Lawmakers in Mississippi are tackling the pervasive use of automated sales suppression devices, commonly known as “zappers,” by businesses to hide a portion of their sales and thereby avoid paying sales tax. Zapper programs are used to delete certain transactions – usually cash sales – and then reconcile the books of the business. The result is that the company’s books appear to be complete and accurate, but are in fact false because they reflect fewer sales than were actually made. With fewer sales to report, the business is able to reduce the amount of sales tax it is required to pay.

In an article published in the Daily Journal, it was reported that during recent testimony before the Mississippi legislature, Revenue Commissioner Herb Frierson said that the use of zappers is costing the state millions of dollars in lost sales tax revenue. “The zapper has two sets of books. Al Capone (the Chicago gangster who was convicted of tax evasion) would have loved it,” Frierson said. “It has one set of books for tax purposes and another (true set of books) if you want to sell your business.”

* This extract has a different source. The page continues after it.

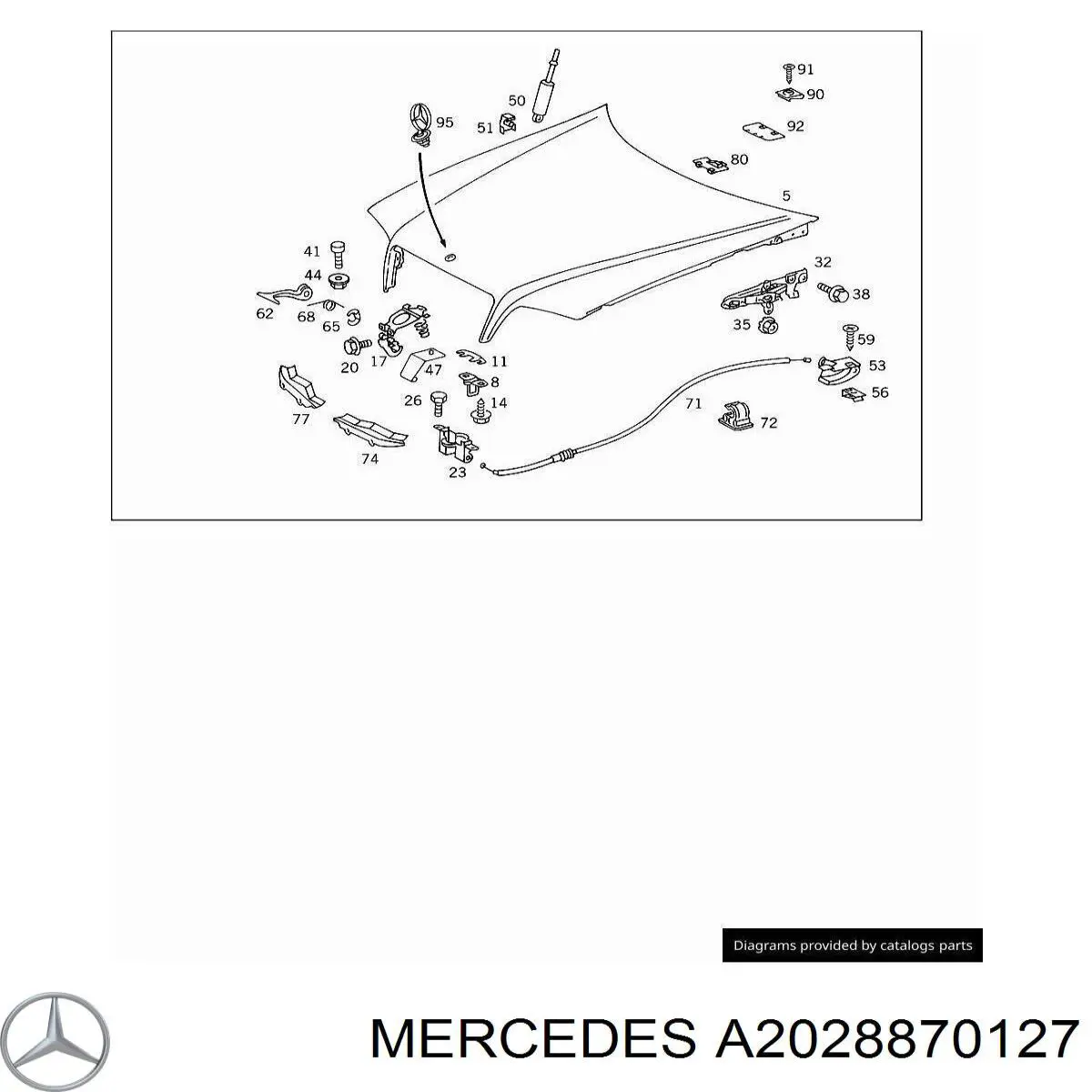 Palanquilla de apertura del capó Mercedes A2028870127 precio, desde 6,67 EUR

We previously wrote about the Justice Department’s efforts to crack down on the use of tax suppression software by charging a software salesman in Seattle who worked for a Canadian company that sold “point of sale” program that enabled restaurants to underreport their sales. Historically, state law enforcement agencies, not the Justice Department or Internal Revenue Service, have taken the lead in cracking down on the use of revenue suppression software. In early 2016, the Attorney General of Washington filed what he called the “first-of-its-kind” criminal case against a restauranteur, Yu-Ling Wong, for allegedly using sales suppression software to avoid paying nearly $400,000 in state sales tax. That case began as a routine audit by the Washington State Department of Revenue, which trains its auditors to detect the use of revenue suppression software. Auditors noted an unusual change in cash receipts, as compared to the restaurant’s historical cash receipts, determined that the restaurant’s point-of-sale system could not be trusted, and eventually uncovered the use of Zapper software.

Many states have passed laws outlawing the use of revenue suppression software, including Washington, Michigan, Florida, Georgia, Utah, and West Virginia, and others — like Mississippi — are considering proposals to enact such laws. And the problem is not just confined to the United States. In a 2013 report entitled “Electronic Sales Suppression: A Threat to Tax Revenues,” the Organisation for Economic Co-operation and Development concluded that revenue suppression software “facilitate[s] tax evasion and result[s] in massive tax loss globally.”

BNA’s Michael J. Bologna and Paul Shukovsky have written a comprehensive article about the pervasive problem of sales suppression software used by restaurants and other cash-intensive businesses. In their article, entitled “Tax-Zapping Software Costing States $21 Billion,” the authors note that the use of revenue suppression software by businesses costs states a whopping $21 billion in lost tax revenue.

In Mississippi, Frierson is seeking the passage of legislation making it a felony to possess or sell the zapper software. A version of the bill already has passed the Senate Judiciary Committee.